Major Stride Forward In Our Decade-Long Campaign - Ontario's Liberal Government Today Introduced A New Bill Into The Ontario Legislature For First Reading To Achieve A Barrier-Free Province

October 12, 2004


Today, the Ontario Liberal Government kept its 2003 election promise by introducing the Accessibility for Ontarians with Disabilities Act, 2004. The Bill will make Ontario a better province by creating a society that is open to all, including people with disabilities. We will circulate the bill as soon as we get an electronic copy of it. Information will also be available on the Ministry of Citizenship and Immigration Web site at www.gov.on.ca/citizenship/accessibility.

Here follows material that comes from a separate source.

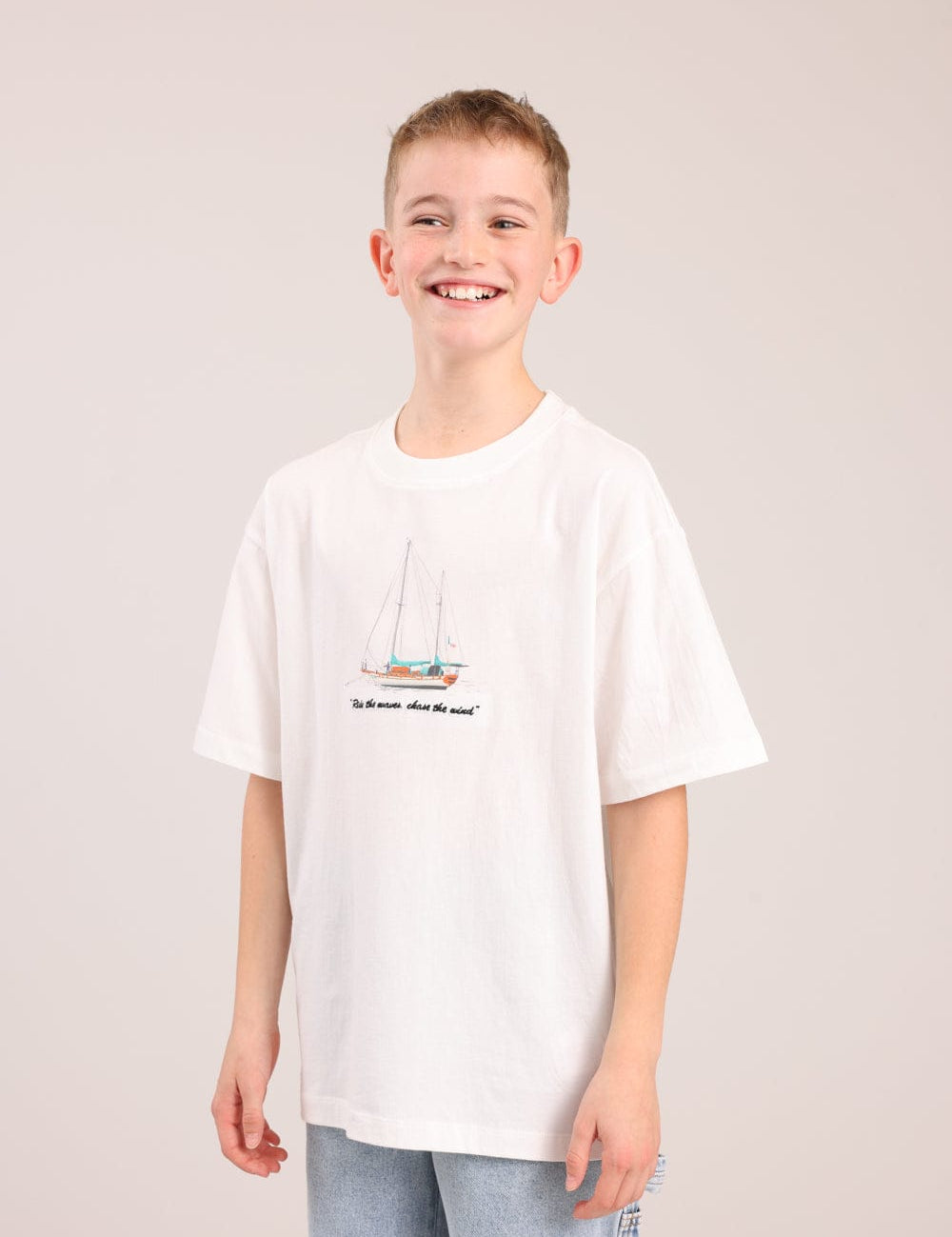 FOX בנים חולצה חולצה עם הדפס חולצה עם הדפס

Below we set out the text of the Government's news release and backgrounder on the bill. In short, this is a very good bill. It is a dramatic improvement on the weak, limited ODA 2001 which the previous Conservative Government passed. While we have not had a chance to closely study the
bill, we can confirm the following important highlights:

* The bill sets long-term goals for a barrier-free Ontario by 2025, but it
also requires that work begin immediately. Short and medium-term time goals
required by the legislation will ensure that steady progress is made.

* The bill uses a broad, inclusive definition of disability and the barriers
that will be covered by the Act. It isn't limited to only physical
disabilities or physical barriers.

* The bill applies to the private as well as public sector

* Mandatory accessibility standards, developed through consultation with
persons with disabilities as well as businesses or organizations in the
affected sectors, will be developed.

* There is a fair and effective enforcement mechanism to ensure that progress is made.

With this development, the Government has kept its 2003 election commitments to introduce new legislation within one year of taking office, to clearly extend the bill to the private sector, to provide for effective enforcement, and to provide for time lines and mandatory standards on accessibility. To
see the Government's election commitments, visit:


This is a major step forward. We have worked long and hard over the past decade to achieve this milestone. But we still have lots more work ahead. The bill will be going for second reading and it is expected that there will be committee hearings which will give persons with disabilities an oopportunity to give input.


As soon as we get the bill itself, the proceedings in the Legislature from today, and any media coverage, we will get these materials out to you via email. We will also develop a more detailed analysis of the bill. We will welcome your feedback.

From that feedback we will develop suggestions for possible amendments to improve the bill. While its certainly a very good bill, there is opportunity through the legislative process to make it even better.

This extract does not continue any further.